In [None]:
import os
import pandas as pd
import numpy as np
from tqdm import tqdm
from PIL import Image
import shutil
import logging

In [None]:
import cv2
import dlib
from skimage import io

## Paths

In [None]:
directory = "/Users/kyriakospapadopoulos/Desktop/University/Big Blue Data Academy/Personal/Projects/API_Projects/Reddit/Photograph_Analysis/photographs_top_1000"
df_path = os.path.join(directory, "face_detection_results.csv")

# Face identification with OpenCV’s Haar Cascade

## Summary of OpenCV’s Haar Cascade
---
**OpenCV’s Haar Cascade** is a popular object detection algorithm that is primarily used for face detection in images and video streams. It is based on the concept of Haar-like features and uses a cascade of classifiers to detect objects in a given image.

### Key Concepts:

- **Haar-like Features**:
  - **Description**:
    - Haar-like features are digital image features used in object recognition. These features are named after the Haar wavelet and are essentially rectangular patterns that represent the contrast between adjacent regions of an image.
    - For example, a Haar-like feature could capture the difference in brightness between the eyes and the upper cheeks in a face, or between the bridge of the nose and the eyes.
  - **Calculation**:
    - The value of a Haar-like feature is calculated by subtracting the sum of pixel values in one rectangular region of the image from the sum of pixel values in another adjacent rectangular region. These rectangular regions can vary in size and position to capture different types of features.
    - The algorithm evaluates a large number of these features at different scales and locations in the image to detect objects.
  
- **Integral Image**:
  - **Description**:
    - The integral image is a data structure that allows for the rapid calculation of pixel sums over rectangular regions. It is a key component of the Haar Cascade algorithm because it speeds up the computation of Haar-like features.
  - **Calculation**:
    - The integral image is computed by summing all pixel values above and to the left of a given pixel. This means that the sum of pixel values within any rectangular area of the original image can be calculated in constant time, regardless of the size of the rectangle.
    - This efficiency is crucial for real-time object detection, as it allows the algorithm to quickly compute the sum of pixel values over multiple regions at different scales.

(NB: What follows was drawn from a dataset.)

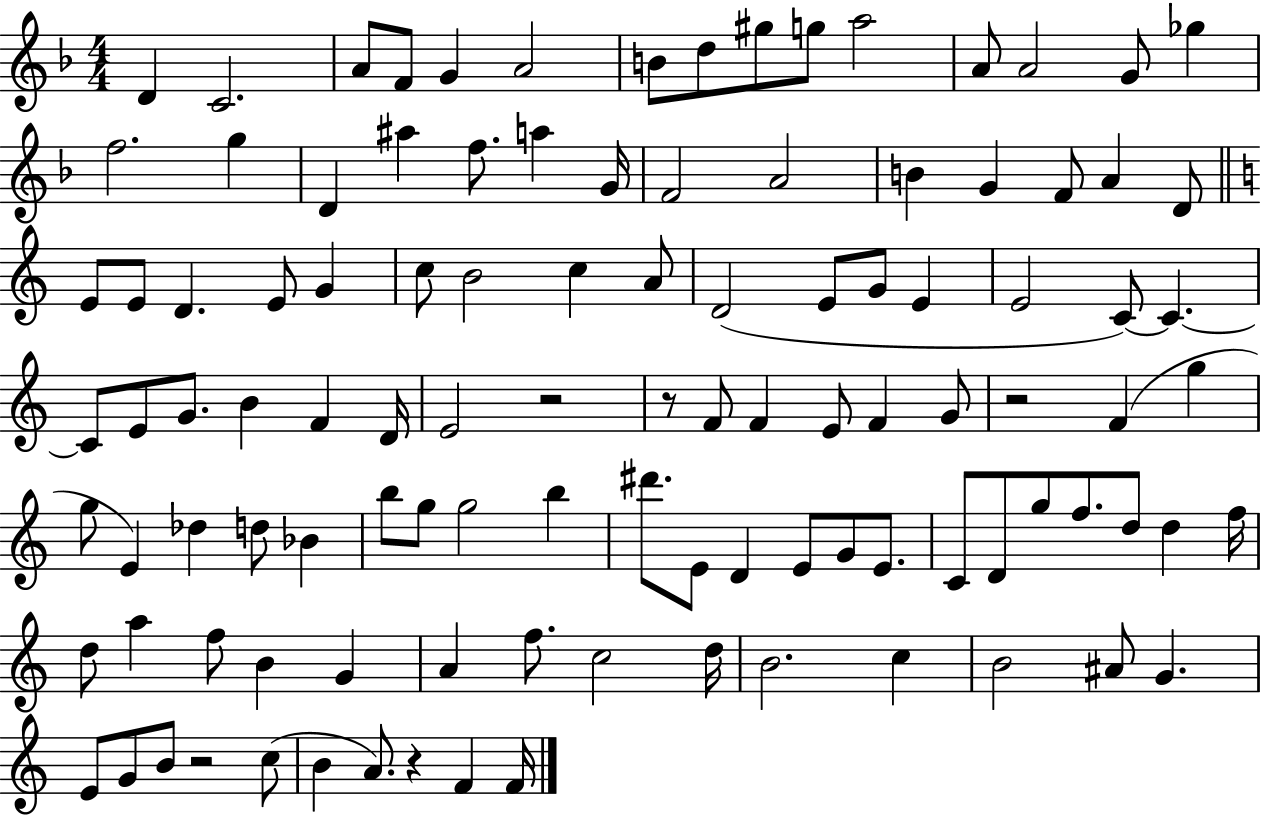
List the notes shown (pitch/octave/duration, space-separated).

D4/q C4/h. A4/e F4/e G4/q A4/h B4/e D5/e G#5/e G5/e A5/h A4/e A4/h G4/e Gb5/q F5/h. G5/q D4/q A#5/q F5/e. A5/q G4/s F4/h A4/h B4/q G4/q F4/e A4/q D4/e E4/e E4/e D4/q. E4/e G4/q C5/e B4/h C5/q A4/e D4/h E4/e G4/e E4/q E4/h C4/e C4/q. C4/e E4/e G4/e. B4/q F4/q D4/s E4/h R/h R/e F4/e F4/q E4/e F4/q G4/e R/h F4/q G5/q G5/e E4/q Db5/q D5/e Bb4/q B5/e G5/e G5/h B5/q D#6/e. E4/e D4/q E4/e G4/e E4/e. C4/e D4/e G5/e F5/e. D5/e D5/q F5/s D5/e A5/q F5/e B4/q G4/q A4/q F5/e. C5/h D5/s B4/h. C5/q B4/h A#4/e G4/q. E4/e G4/e B4/e R/h C5/e B4/q A4/e. R/q F4/q F4/s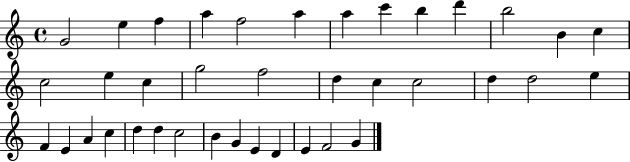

- **Cascade of Classifiers**:
  - **Description**:
    - The Haar Cascade algorithm uses a series of classifiers that are arranged in stages, known as a cascade. Each stage contains a number of weak classifiers, which are simple decision rules based on Haar-like features.
    - A weak classifier is considered "weak" because it alone is not very accurate, but when combined with other weak classifiers in a stage, it contributes to a strong decision-making process.
  - **Working**:
    - During detection, the algorithm scans the image and evaluates the Haar-like features in a given region. If a region passes through all the stages of the cascade, it is classified as containing the object (e.g., a face). If it fails at any stage, the region is immediately discarded.
    - This cascading structure allows the algorithm to quickly eliminate regions of the image that do not contain the object of interest, significantly speeding up the detection process.
    - The first stages of the cascade are designed to reject the majority of non-object regions quickly, while later stages become more complex and focus on refining the detection.

### What Haar Cascade Does:

- **Face Detection**:
  - Haar Cascade is most commonly used for detecting faces in images. It is pre-trained on large datasets of face images and can accurately detect faces across different scales and orientations.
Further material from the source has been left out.